> _Exercise aim_: Each line below must be transcribed exactly, and no picture may appear in the transcription.

> _Provided entries_:

┌────────

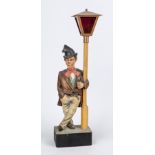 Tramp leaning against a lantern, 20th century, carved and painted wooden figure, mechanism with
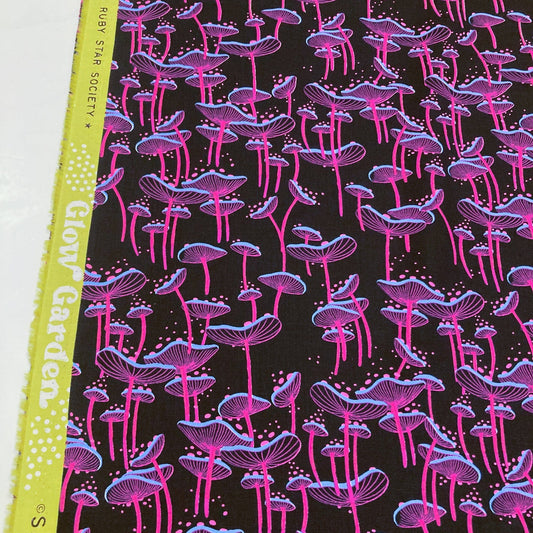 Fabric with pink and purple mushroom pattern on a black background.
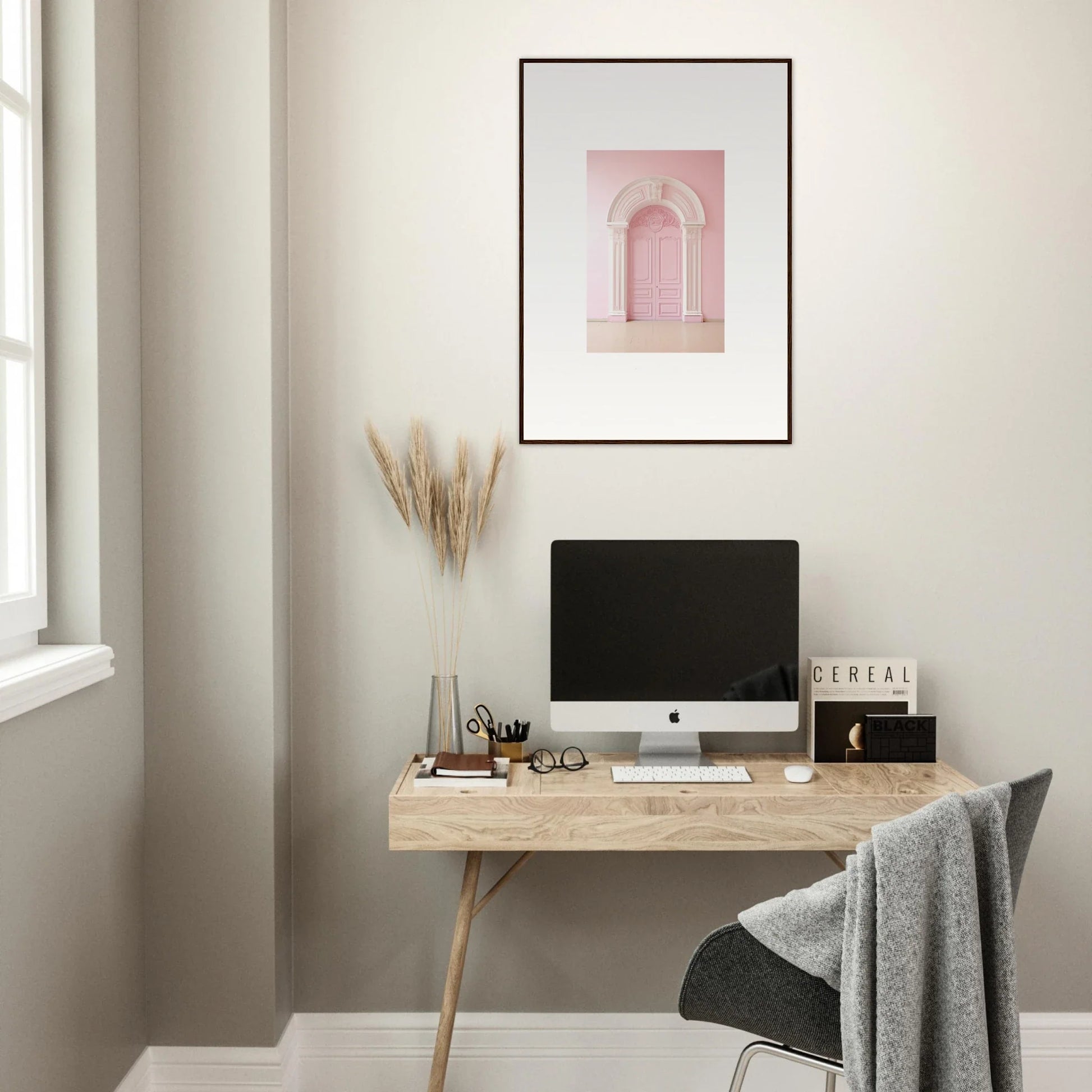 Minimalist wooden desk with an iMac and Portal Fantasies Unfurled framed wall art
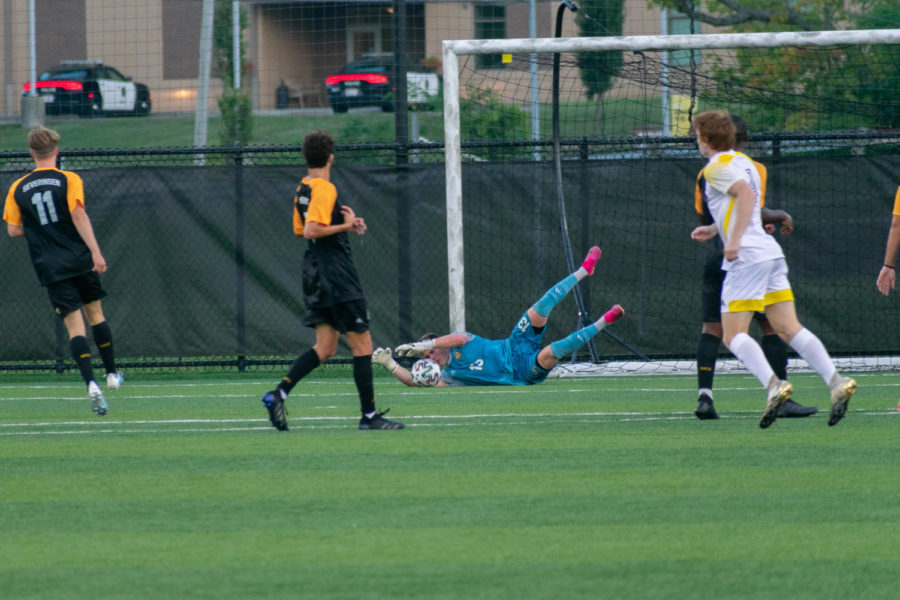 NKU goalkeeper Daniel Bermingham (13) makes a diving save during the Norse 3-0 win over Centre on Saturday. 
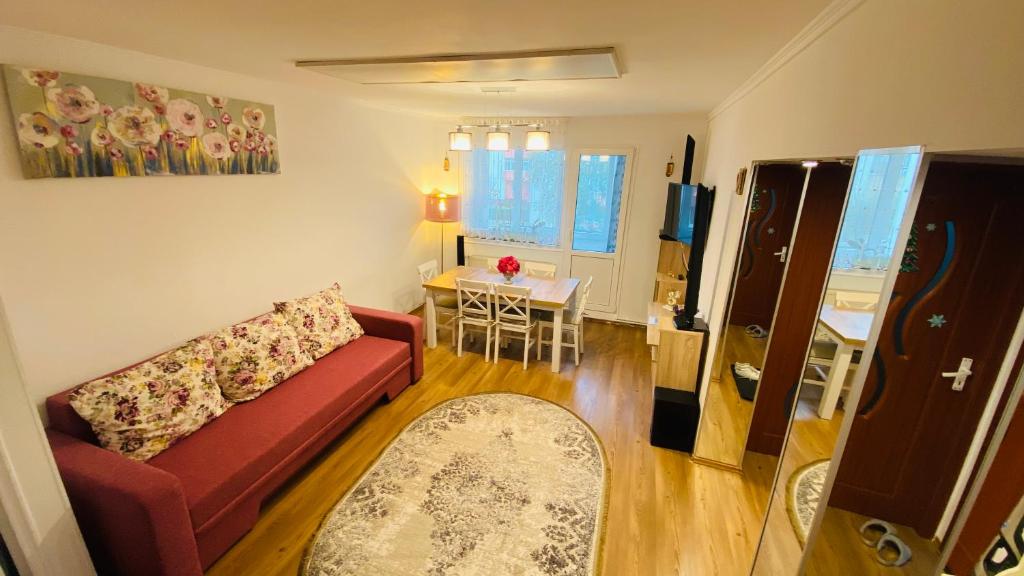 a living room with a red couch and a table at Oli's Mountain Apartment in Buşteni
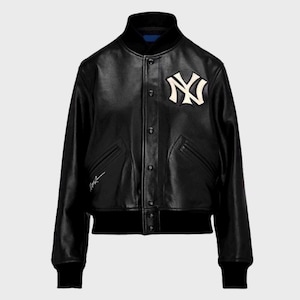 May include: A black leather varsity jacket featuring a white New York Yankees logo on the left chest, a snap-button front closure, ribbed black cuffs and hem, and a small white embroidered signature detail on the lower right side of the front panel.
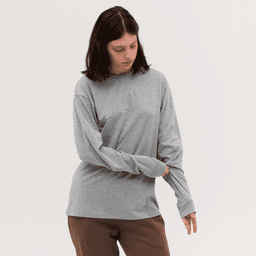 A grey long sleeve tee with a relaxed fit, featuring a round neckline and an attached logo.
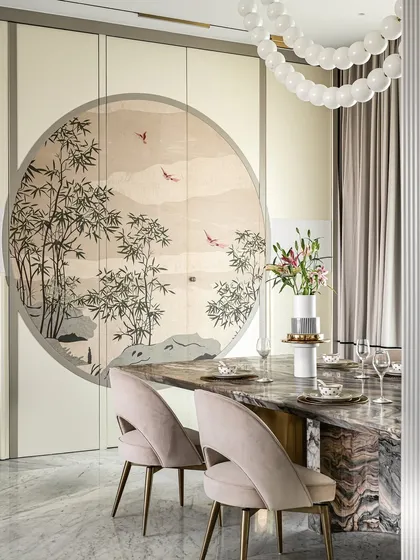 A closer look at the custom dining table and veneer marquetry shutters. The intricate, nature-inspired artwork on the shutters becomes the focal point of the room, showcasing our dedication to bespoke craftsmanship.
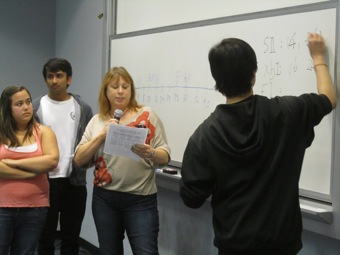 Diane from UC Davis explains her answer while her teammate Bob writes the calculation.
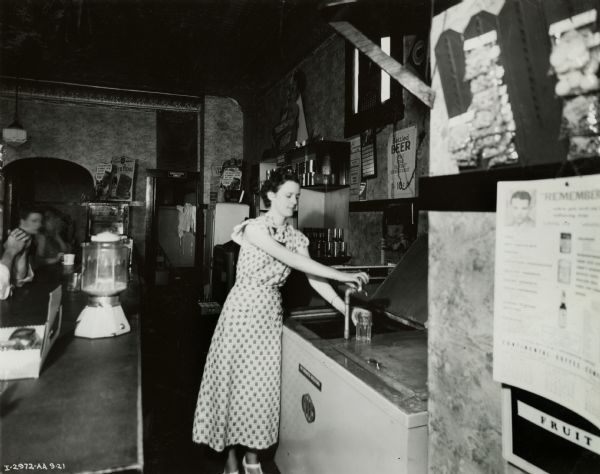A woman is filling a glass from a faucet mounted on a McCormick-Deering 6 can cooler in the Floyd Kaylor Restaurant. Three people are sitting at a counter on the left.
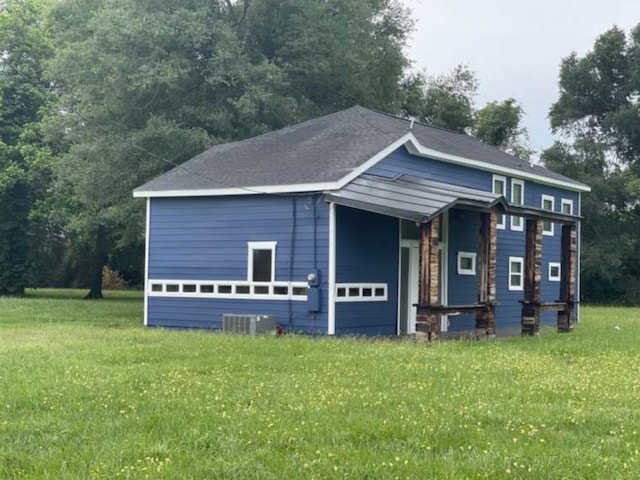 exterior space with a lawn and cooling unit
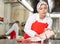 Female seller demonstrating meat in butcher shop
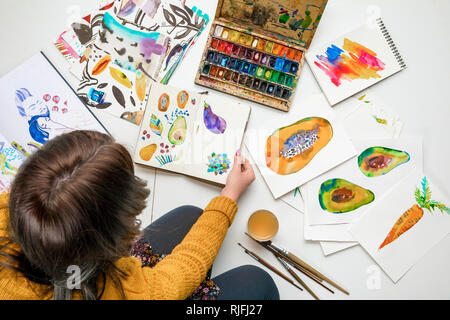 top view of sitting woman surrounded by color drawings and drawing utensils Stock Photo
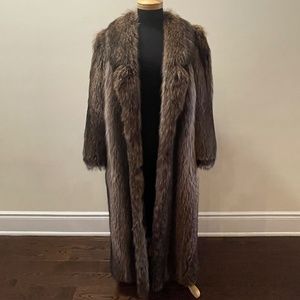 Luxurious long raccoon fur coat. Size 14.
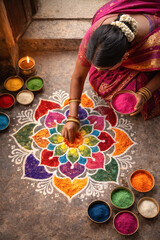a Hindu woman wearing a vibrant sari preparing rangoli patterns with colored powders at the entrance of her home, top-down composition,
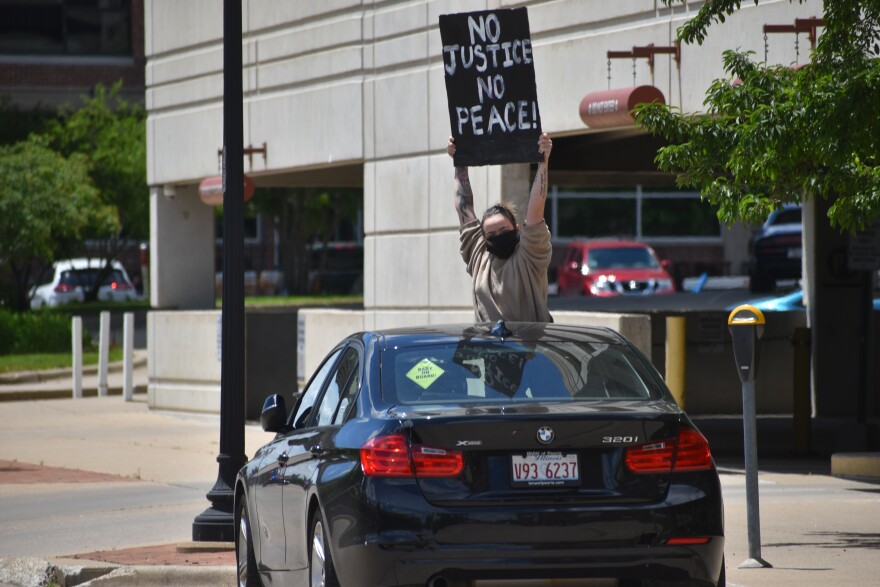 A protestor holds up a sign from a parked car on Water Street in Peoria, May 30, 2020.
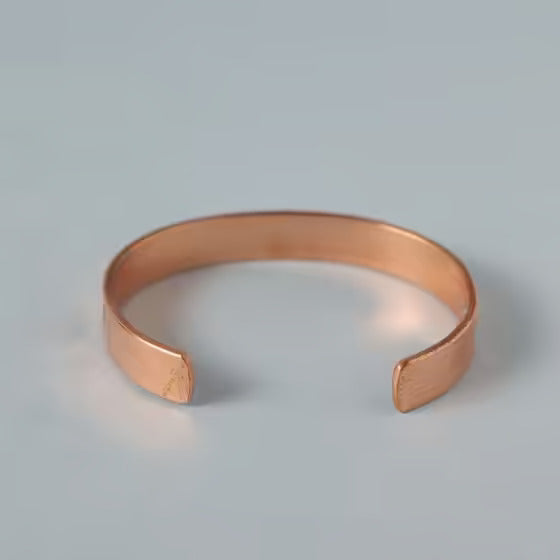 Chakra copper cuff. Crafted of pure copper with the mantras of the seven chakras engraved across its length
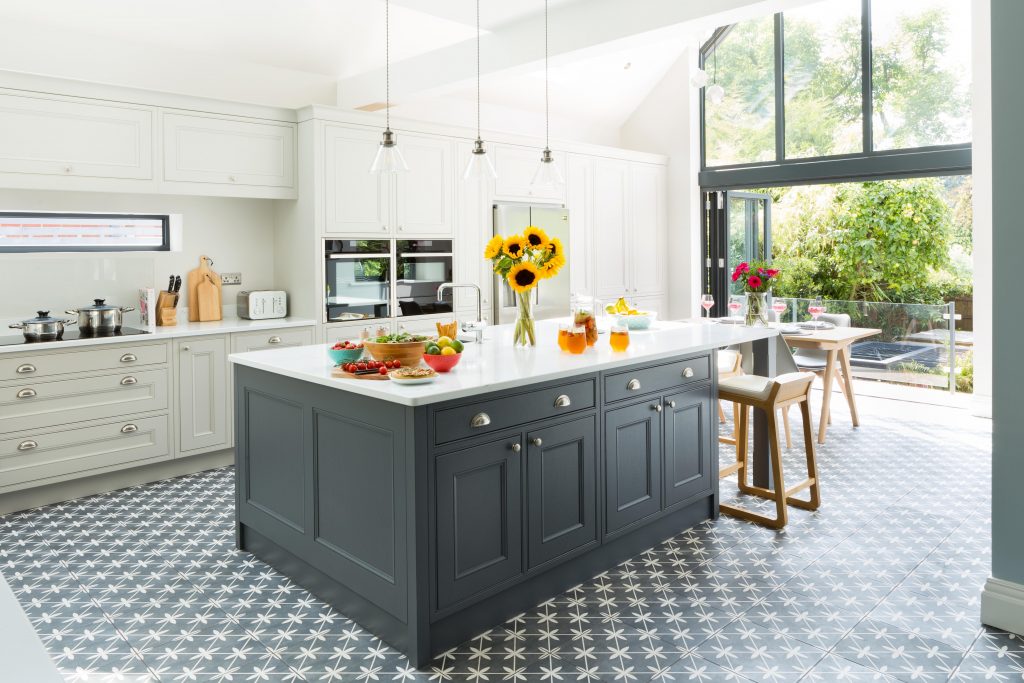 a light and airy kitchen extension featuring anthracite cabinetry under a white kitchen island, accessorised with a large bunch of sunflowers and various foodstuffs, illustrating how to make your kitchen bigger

└────────

> _Exercise response_:
 Tramp leaning against a lantern, 20th century, carved and painted wooden figure, mechanism with
 Fabric with pink and purple mushroom pattern on a black background.
 Minimalist wooden desk with an iMac and Portal Fantasies Unfurled framed wall art
 NKU goalkeeper Daniel Bermingham (13) makes a diving save during the Norse 3-0 win over Centre on Saturday. 
 a living room with a red couch and a table at Oli's Mountain Apartment in Buşteni
 May include: A black leather varsity jacket featuring a white New York Yankees logo on the left chest, a snap-button front closure, ribbed black cuffs and hem, and a small white embroidered signature detail on the lower right side of the front panel.
 A grey long sleeve tee with a relaxed fit, featuring a round neckline and an attached logo.
 A closer look at the custom dining table and veneer marquetry shutters. The intricate, nature-inspired artwork on the shutters becomes the focal point of the room, showcasing our dedication to bespoke craftsmanship.
 Diane from UC Davis explains her answer while her teammate Bob writes the calculation.
A woman is filling a glass from a faucet mounted on a McCormick-Deering 6 can cooler in the Floyd Kaylor Restaurant. Three people are sitting at a counter on the left.
 exterior space with a lawn and cooling unit
 Female seller demonstrating meat in butcher shop
 top view of sitting woman surrounded by color drawings and drawing utensils Stock Photo
 Luxurious long raccoon fur coat. Size 14.
a Hindu woman wearing a vibrant sari preparing rangoli patterns with colored powders at the entrance of her home, top-down composition,
 A protestor holds up a sign from a parked car on Water Street in Peoria, May 30, 2020.
 Chakra copper cuff. Crafted of pure copper with the mantras of the seven chakras engraved across its length
 a light and airy kitchen extension featuring anthracite cabinetry under a white kitchen island, accessorised with a large bunch of sunflowers and various foodstuffs, illustrating how to make your kitchen bigger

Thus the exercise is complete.